En démissionnant récemment de son poste de secrétaire national à l’économie et la fiscalité du PS, Eric Besson, qui m’a l’air largement plus intègre que la moyenne des apparatchiks socialistes, a sévèrement critiqué la campagne présidentielle menée par Ségolène Royal. Aussi bien sur la forme (entourage peu crédible, conseillers incompétents (les « truffes » de B Tapie..), mise à l’écart des éléphants du parti à la carrure pourtant avérée, amateurisme global, et désinvolture à son égard), que sur le fond (archaïsme d’une ligne économique toujours ambiguë vis a vis de l’économie de marché et souvent plus proche de la « rupture avec le capitalisme », déconnexion entre l’économie et le social, etc.).

Plus intéressant, Besson, faisant référence à sa « relation cordiale » avec Sarkozy, a pu dire : « Il n’y a qu’en France que l’on se croit obligé de haïr ceux du camp politique opposé. » (1)

 Réflexion intéressante…Faut-il haïr son ennemi ? Est-ce une spécificité Française ? La référence martiale n’est pas anodine, et l’extrapolation du terrain politique au terrain militaire, à mon avis légitime.

Jusqu’en 1914, nous vivions en Europe selon un « ordre européen », fondé sur la conscience forte d’une appartenance à une même famille de peuples entre lesquels les guerres devaient rester limitées et soumises au « droit des gens européens ou jus publicum europeum » (2) défini en 1648 sur les ruines de la chrétienté, lors du traité de Westphalie qui mit fin aux désastres des guerres de religion et de la guerre de trente ans.
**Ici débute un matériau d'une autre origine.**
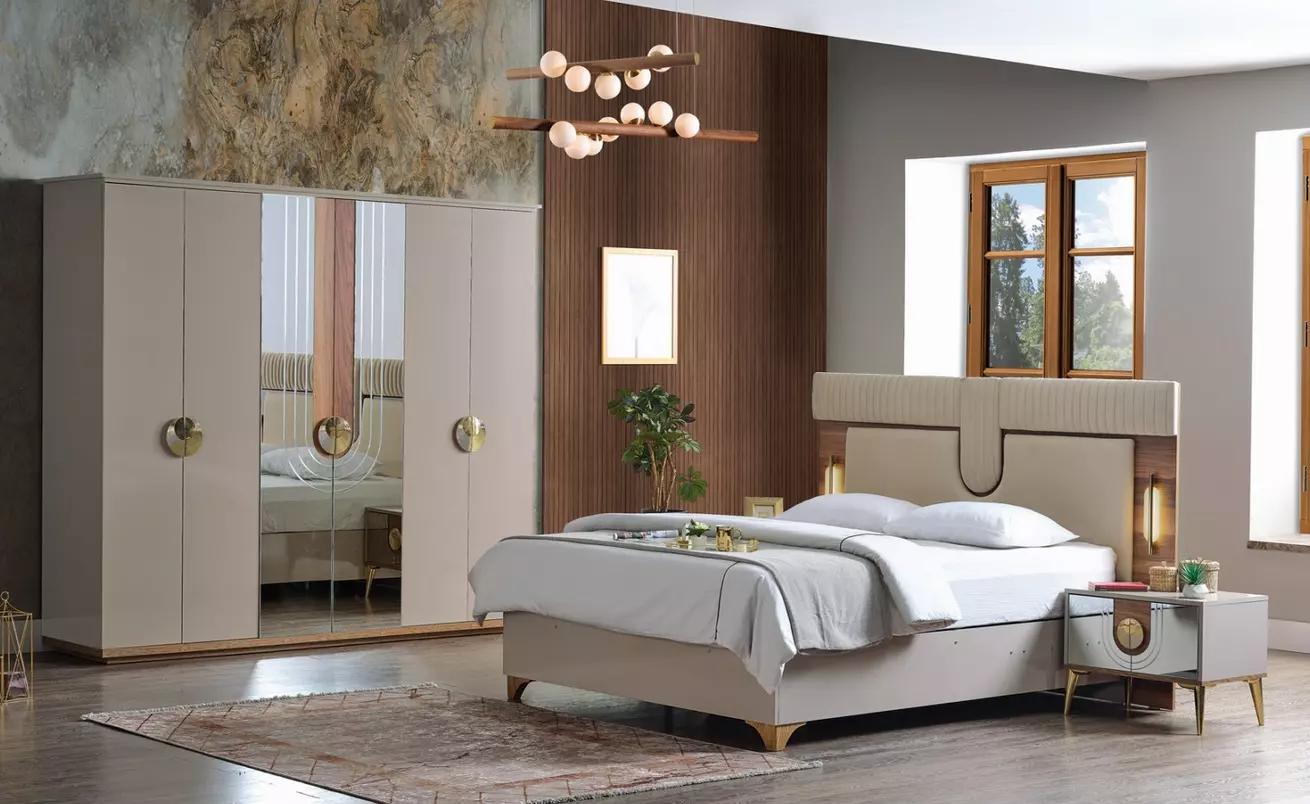 Bedroom Set Complete Bed 2x Bedside Tables Wardrobe 4pcs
Ce droit européen impliquait une parfaite symétrie entre les états. Chacun reconnaissait que la cause des autres était juste. Cette conception permettait de négocier des traités avec l’ennemi de la veille sans en faire un criminel. Il était seulement un adversaire ayant lutté pour une cause juste. Et il pouvait devenir l’allié du lendemain.

Ce droit européen fut contesté une première fois durant les guerres de la Révolution. Les révolutionnaires Français donnèrent en effet d’emblée à leur guerre un caractère idéologique, prétendant au monopole de la juste cause et justifiant la haine illimitée de l’ennemi (les « tyrans »). Le XIX éme siècle renoua avec la pratique des conférences et du respect de l’adversaire mais tout rebascula de nouveau en 1914, puis en 1939, deux guerres civiles européennes dramatiques, suicidaires. Pour Dominique Venner, « le concert européen reposait sur des valeurs de civilisation communes à toutes les élites dirigeantes » (3) « Or, depuis la fin du XIX éme siècle, la démocratisation de la vie publique, l’arrivée au pouvoir de couches nouvelles, remettent en cause ce véritable club international qui avait jusque la géré les affaires européennes. » (4) En d’autres termes, les valeurs fondatrices de la civilisation européenne avait été abandonnées au profit des passions nationalistes et des haines entre européens. Cette mobilisation passionnelle, cette haine de l’ennemi, ne doit rien aux principes de l’ancienne Europe, respectueuse du jus publicum europaeum, car elle est un héritage direct de la Révolution Française.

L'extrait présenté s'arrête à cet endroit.